Signals | September 28, 2023

Overheard at the Congressional Black Caucus: Boosting Black ownership

Roodgally Senatus
ImpactAlpha Editor

Roodgally Senatus

ImpactAlpha, September 28 — Black ownership was the theme that echoed through the Walter E. Washington Convention Center at last week’s annual legislative conference of the Congressional Black Caucus Foundation.

The five-day event convened Black innovators, politicians, public and business leaders to discuss innovative solutions and scale up existing strategies to foster wealth creation, good health and wellbeing in Black communities.

“We haven’t made a significant improvement in the Black homeownership rate since the Fair Housing Act was passed, and that really is a travesty,” said Kevin Blackburn of the Federal Home Loan Bank. In 1968, he said, there was a 27 percentage-point gap between white and Black homeownership. That gap has grown, to about 30 percentage points.

Through a partnership with the Urban Institute, Federal Home Loan Bank is digging into the barriers to access to Black homeownership.

“There are those forces that are active today that don’t want us as a people to achieve, they don’t want us to advance and they don’t want us to buy the block back,” Blackburn said. 

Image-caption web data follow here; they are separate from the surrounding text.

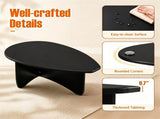 Oval Modern Coffee Table, Engineered Wood Low Accent Table with TShaped Arched Base, Capacity 13056482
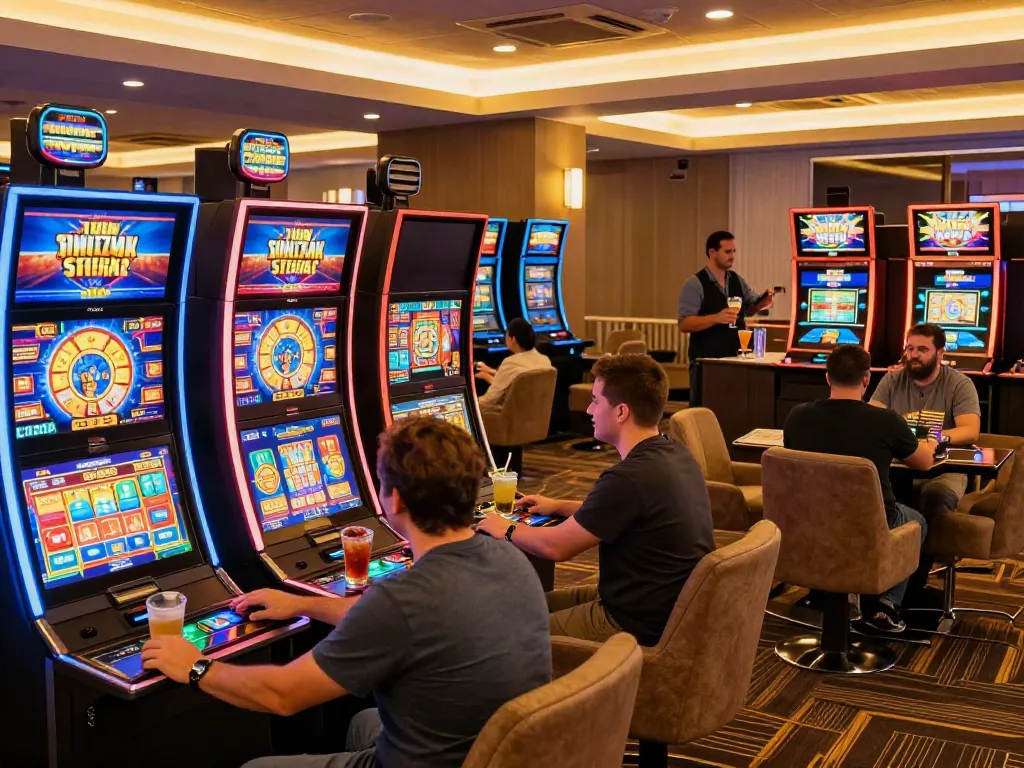 Exciting non Gamstop casino scene with players enjoying games in a modern lounge.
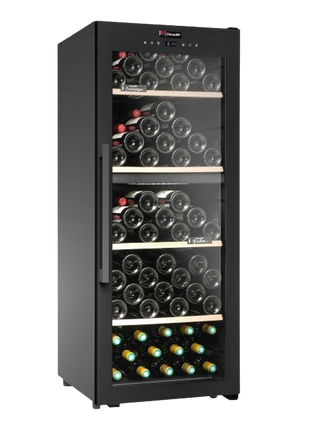 Vinoteca - Climadiff CD110B1, 110 botellas, 2 zonas temperatura, Antivibración, 4 estantes, LED, 125 cm, Negro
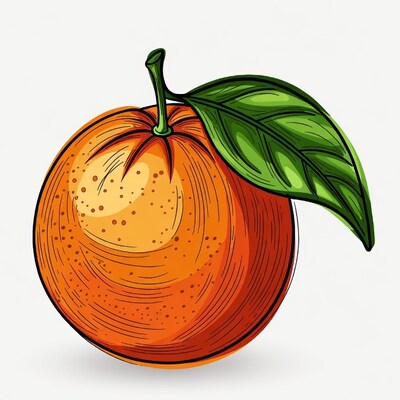 Orange with green leaf illustration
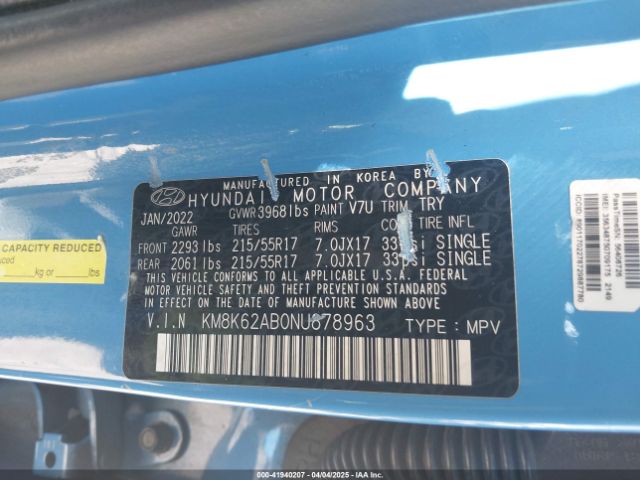 KM8K62AB0NU878963 Hyundai Kona Sel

Blackburn says the bank’s down payment-assistance program has deployed roughly $141 million over the past two decades to help Black families in the US that earn less than 80% of their areas’ median income to purchase homes (see, “Dearfield Fund secures $7.5 million to help Black first-time homeowners make down payments”).

Buying back the block

“Home is very precious to us,” said CNN commentator Van Jones, who wears many hats as founder of several social enterprises: Color of Change, Green for All and Dream Corps, firing up the crowd. 

“We were kidnapped and stolen from our home, and when we were finally allegedly free, we left the South and moved up north looking for a new home,” Jone said. 

Van Jones | Photo by ImpactAlpha.

Actor-turned-developer Malik Yoba, born in New York, is investing his own capital to buy and develop real estate in his home city. His firm, Yoba Development, targets sustainable and affordable mixed-use development projects in transitioning neighborhoods. Through a recent effort with New York City, Yoba helped launch a real estate development curriculum for local high-school students. 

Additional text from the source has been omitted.